Thursday, December 16, 2010


A reflection on the Mass readings for December 16, 2010 (Isaiah 54:1-10; Luke 7:24-30), by Mother Maria-Michael Newe, OSB.

In the Gospel today we hear about John the Baptist and at the end of the Gospel we hear, “But the Pharisees and scholars of the law, who were not baptized by him, rejected the plan of God for themselves.” It makes you wonder-- what did they go out to hear? Did they go out in order to condemn? Did they go with a mindset of saying, “If John is from God, does he have something to say to me?” Or did they think they had all of God’s words and that was enough? And so we return to the idea of listening, of an openness of heart, of asking, “What does God really have to say to me?”
When I was listening this morning during lectio, I heard, from the first Mass reading “Enlarge the space for your tent, spread out your tent cloths unsparingly; lengthen your ropes and make firm your stakes. For you shall spread abroad to the right and to the left…” That is an incredible promise! Live with that promise, live in full expectation of God’s promises. At the same time, though, we have to live our vows and promises to Him. God is always overflowing with gifts, but we have to do our part too.
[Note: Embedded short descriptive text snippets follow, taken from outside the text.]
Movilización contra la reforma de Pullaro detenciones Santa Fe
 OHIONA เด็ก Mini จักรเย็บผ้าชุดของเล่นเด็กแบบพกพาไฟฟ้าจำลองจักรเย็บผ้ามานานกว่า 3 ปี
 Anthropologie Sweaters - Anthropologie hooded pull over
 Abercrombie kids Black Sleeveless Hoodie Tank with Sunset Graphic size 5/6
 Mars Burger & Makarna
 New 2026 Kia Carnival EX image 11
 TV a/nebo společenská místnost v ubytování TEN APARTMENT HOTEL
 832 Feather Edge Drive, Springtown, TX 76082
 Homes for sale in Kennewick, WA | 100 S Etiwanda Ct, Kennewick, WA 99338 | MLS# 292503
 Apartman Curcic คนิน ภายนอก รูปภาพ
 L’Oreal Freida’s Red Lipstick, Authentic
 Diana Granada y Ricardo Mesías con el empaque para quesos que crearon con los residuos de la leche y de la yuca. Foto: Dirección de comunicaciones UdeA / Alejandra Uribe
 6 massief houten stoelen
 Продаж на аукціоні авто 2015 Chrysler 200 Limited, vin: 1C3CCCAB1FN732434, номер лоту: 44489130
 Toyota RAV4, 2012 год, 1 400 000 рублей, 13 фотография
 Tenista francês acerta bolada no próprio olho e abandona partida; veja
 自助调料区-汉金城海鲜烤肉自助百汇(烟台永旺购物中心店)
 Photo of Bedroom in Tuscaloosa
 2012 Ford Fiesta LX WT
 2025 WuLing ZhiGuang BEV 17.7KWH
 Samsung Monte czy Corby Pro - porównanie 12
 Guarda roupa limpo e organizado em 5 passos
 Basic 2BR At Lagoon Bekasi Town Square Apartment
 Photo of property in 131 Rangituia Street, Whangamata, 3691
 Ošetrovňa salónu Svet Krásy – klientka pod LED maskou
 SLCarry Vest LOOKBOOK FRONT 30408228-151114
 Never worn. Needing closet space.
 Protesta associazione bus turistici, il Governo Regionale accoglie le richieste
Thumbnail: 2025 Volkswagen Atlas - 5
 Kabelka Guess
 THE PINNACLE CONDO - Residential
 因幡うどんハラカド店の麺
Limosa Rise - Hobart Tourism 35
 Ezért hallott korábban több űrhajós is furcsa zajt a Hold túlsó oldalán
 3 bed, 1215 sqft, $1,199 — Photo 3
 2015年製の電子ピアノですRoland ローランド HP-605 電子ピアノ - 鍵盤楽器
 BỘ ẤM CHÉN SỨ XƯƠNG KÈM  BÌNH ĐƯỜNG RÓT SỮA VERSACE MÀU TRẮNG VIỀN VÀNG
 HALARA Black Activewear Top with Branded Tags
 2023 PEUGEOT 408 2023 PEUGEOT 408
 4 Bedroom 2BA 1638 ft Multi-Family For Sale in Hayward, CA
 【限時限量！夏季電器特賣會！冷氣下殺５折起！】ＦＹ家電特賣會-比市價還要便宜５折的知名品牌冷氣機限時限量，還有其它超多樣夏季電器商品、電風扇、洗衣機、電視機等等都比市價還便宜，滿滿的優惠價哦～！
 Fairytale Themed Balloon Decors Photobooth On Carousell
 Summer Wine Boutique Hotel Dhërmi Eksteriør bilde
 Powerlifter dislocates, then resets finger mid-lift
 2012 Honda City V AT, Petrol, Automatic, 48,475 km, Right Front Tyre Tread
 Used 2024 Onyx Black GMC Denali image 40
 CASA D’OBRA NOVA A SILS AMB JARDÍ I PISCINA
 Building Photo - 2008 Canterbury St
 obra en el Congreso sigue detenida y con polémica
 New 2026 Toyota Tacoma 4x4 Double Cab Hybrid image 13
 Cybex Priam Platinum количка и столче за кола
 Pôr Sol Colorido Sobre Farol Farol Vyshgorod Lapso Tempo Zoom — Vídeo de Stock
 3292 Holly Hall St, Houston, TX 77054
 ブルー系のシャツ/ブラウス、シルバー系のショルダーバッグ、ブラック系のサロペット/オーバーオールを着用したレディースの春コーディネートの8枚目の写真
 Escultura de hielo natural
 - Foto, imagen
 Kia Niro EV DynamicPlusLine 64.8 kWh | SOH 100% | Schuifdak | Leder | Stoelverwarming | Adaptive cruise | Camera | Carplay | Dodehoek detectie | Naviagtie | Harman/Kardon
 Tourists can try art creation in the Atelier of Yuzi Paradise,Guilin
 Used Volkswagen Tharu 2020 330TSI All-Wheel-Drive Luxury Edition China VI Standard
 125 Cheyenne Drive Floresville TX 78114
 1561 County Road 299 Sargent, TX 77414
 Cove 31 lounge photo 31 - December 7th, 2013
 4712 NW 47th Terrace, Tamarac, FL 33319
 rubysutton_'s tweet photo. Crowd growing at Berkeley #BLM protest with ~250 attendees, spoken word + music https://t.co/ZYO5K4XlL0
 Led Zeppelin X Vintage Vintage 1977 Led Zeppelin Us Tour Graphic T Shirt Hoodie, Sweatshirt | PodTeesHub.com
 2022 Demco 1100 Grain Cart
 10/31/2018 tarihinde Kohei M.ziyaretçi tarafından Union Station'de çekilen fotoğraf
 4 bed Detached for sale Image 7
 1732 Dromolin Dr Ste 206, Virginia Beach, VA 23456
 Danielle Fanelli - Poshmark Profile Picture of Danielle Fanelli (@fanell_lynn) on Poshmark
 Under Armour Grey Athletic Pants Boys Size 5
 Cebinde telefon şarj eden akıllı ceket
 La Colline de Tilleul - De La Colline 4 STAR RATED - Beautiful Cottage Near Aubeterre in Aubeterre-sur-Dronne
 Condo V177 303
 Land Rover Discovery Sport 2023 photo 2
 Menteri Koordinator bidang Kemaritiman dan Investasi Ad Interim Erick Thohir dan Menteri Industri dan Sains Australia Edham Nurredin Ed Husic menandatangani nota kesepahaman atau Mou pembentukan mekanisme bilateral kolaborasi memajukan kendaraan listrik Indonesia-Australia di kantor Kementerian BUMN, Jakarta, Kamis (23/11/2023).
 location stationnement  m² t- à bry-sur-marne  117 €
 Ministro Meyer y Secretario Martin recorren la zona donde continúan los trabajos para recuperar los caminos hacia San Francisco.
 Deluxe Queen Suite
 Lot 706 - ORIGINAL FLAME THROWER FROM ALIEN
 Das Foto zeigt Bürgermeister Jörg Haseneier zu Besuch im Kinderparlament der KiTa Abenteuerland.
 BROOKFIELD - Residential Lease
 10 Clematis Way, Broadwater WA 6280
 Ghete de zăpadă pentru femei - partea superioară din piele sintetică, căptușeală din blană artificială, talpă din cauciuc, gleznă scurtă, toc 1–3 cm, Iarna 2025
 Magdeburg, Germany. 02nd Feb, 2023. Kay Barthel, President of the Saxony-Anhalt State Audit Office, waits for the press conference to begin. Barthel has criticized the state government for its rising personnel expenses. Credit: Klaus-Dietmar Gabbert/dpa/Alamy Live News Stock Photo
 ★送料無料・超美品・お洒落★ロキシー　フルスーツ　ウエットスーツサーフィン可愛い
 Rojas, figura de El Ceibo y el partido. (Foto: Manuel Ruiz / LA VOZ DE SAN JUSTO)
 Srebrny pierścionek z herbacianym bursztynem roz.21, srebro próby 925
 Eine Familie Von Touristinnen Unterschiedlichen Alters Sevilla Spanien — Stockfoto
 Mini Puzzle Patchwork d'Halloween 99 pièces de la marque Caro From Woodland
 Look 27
A few verses later in the reading from Isaiah it says, “Though the mountains leave their place and the hills be shaken, my love shall never leave you nor my covenant of peace be shaken, says the LORD, who has mercy on you.” That is God’s word to us. His peace is not to be shaken, if we settle into it. Knowledge leads to peace—knowledge of ourselves and knowledge of others—because in that knowledge we recognize God’s gifts to us and God’s gifts to others. We know that God doesn’t fall short in giving us gifts. We must recognize them and also when they’re called forth from us to use them. That recognition is so important to be able to hold the gifts humbly. We have a lot of gifts, there’s no doubt, and God will call them forth at His choice. It’s not for us to say, “God, these are my gifts, here now use them.” Rather, it’s for God to say, “You have this gift, could you give it to us?” In that way we humbly serve and we don’t become proud because it has been called forth from us.